▸ Directions for this task
Pictures should be left out while the data beneath this task is written out word for word.

Material for this exercise below:

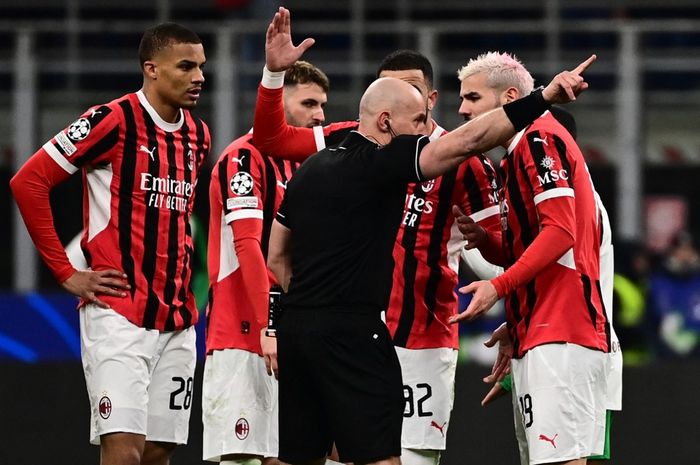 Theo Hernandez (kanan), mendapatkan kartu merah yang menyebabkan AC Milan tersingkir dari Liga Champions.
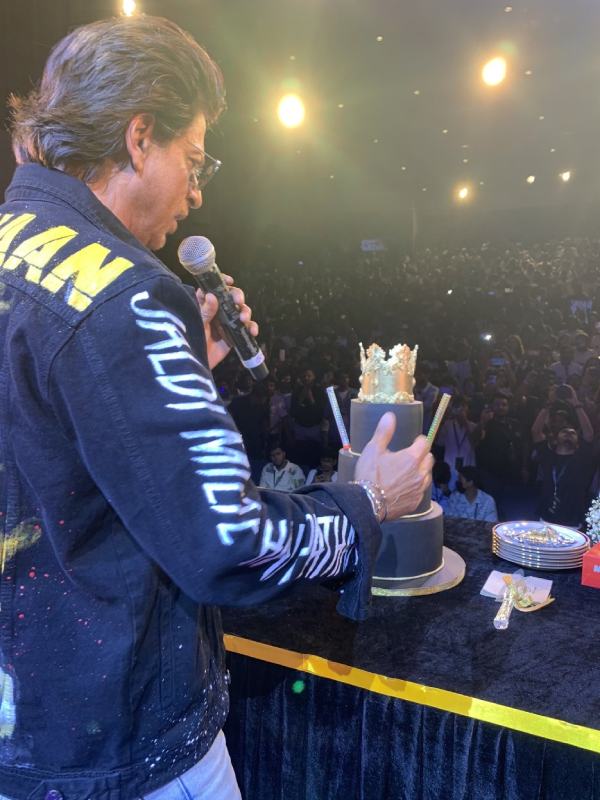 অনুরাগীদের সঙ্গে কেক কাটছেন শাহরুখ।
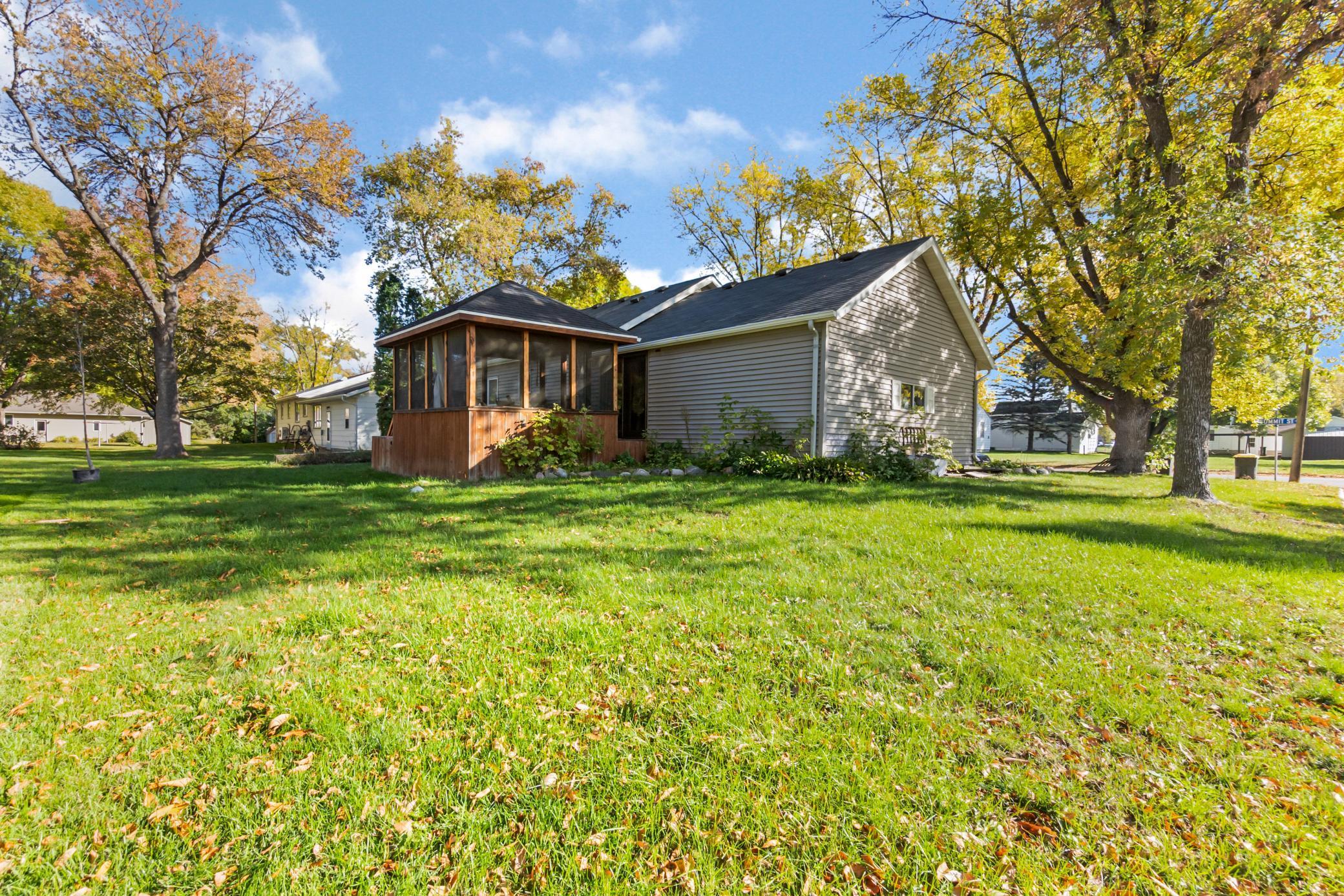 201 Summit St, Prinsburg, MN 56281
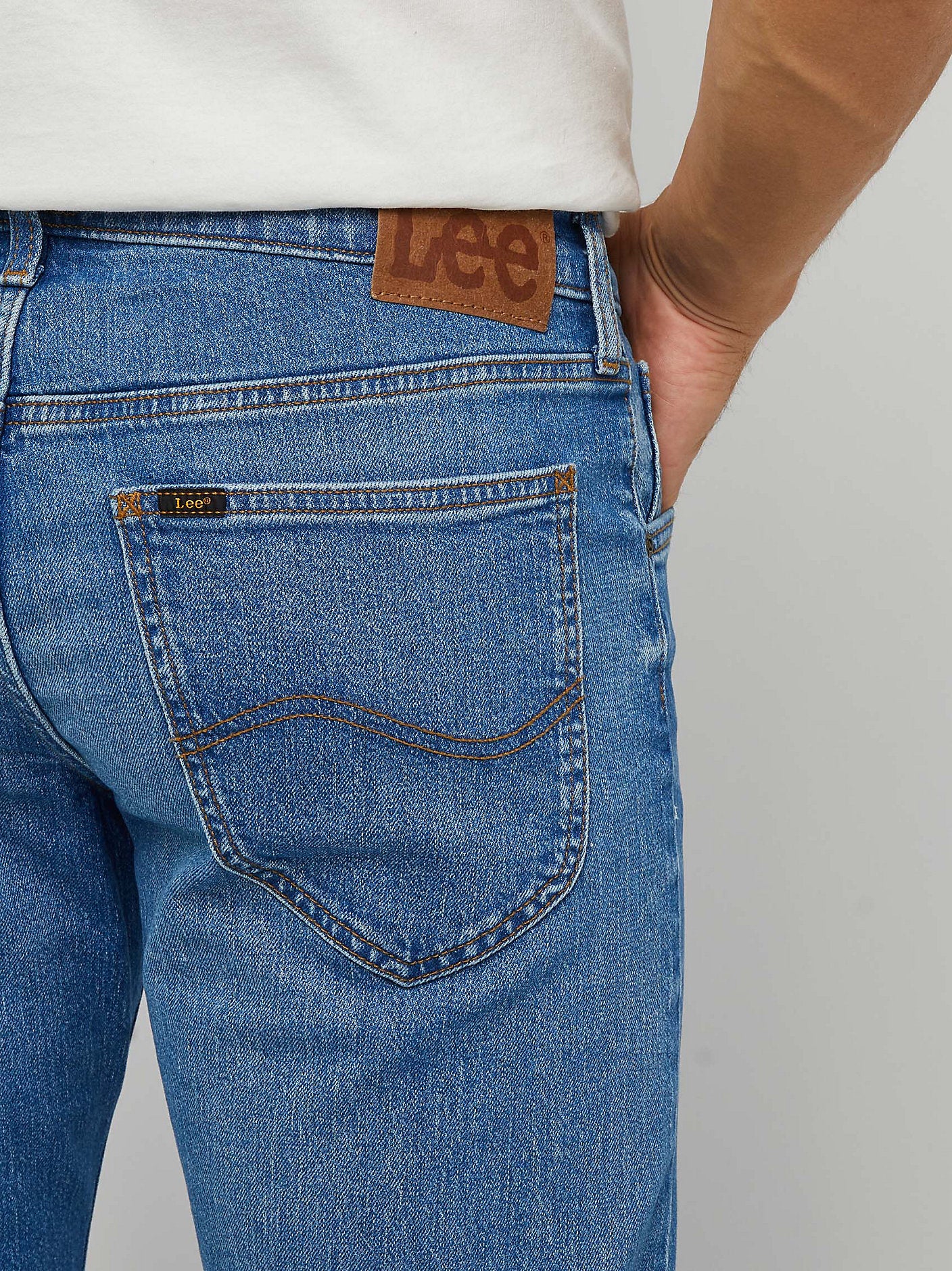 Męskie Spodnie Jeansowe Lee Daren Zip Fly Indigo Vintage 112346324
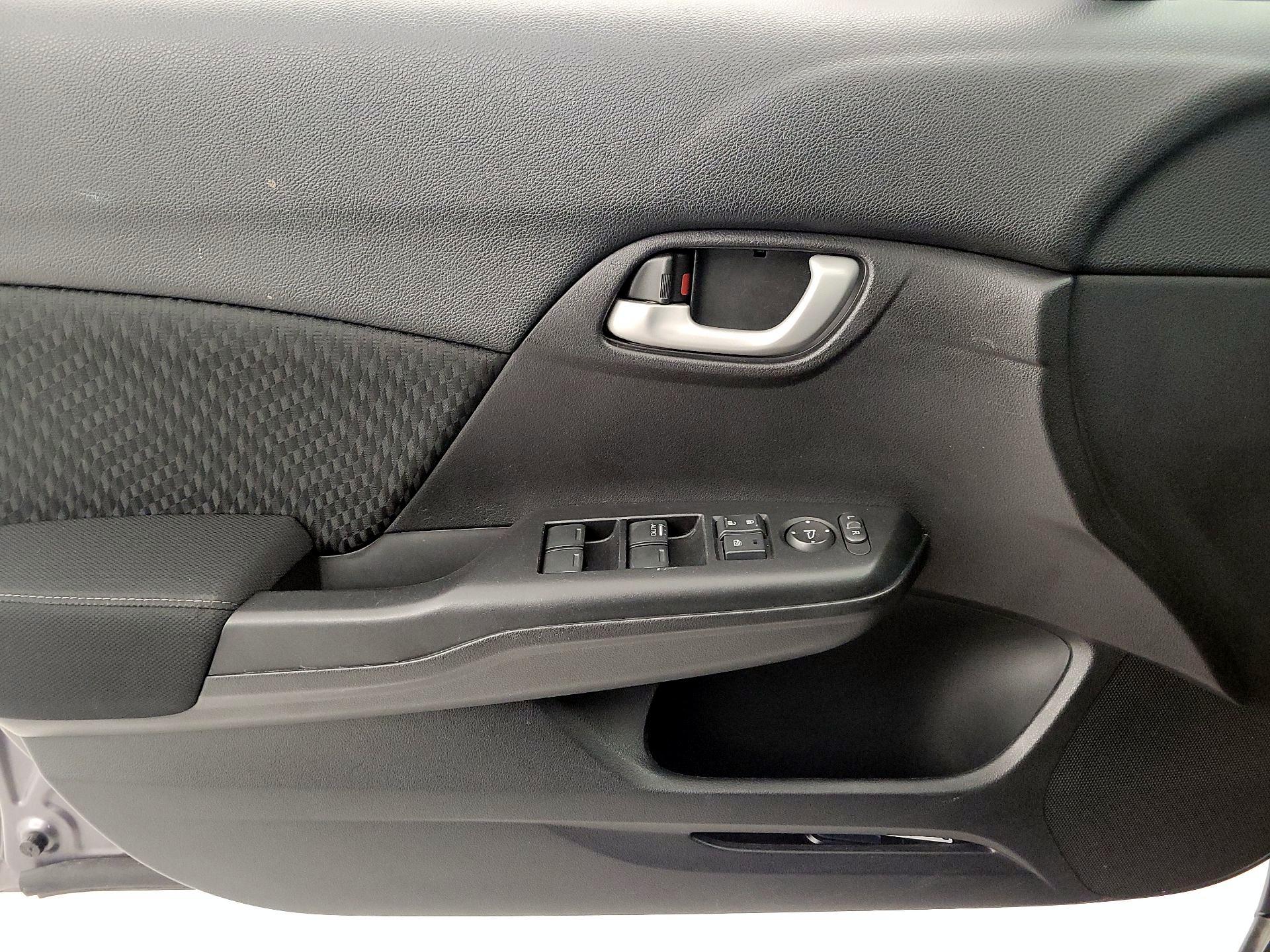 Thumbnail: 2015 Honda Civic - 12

End of Material for this exercise.

▸ Answer section
 Theo Hernandez (kanan), mendapatkan kartu merah yang menyebabkan AC Milan tersingkir dari Liga Champions.
 অনুরাগীদের সঙ্গে কেক কাটছেন শাহরুখ।
 201 Summit St, Prinsburg, MN 56281
 Męskie Spodnie Jeansowe Lee Daren Zip Fly Indigo Vintage 112346324
 Thumbnail: 2015 Honda Civic - 12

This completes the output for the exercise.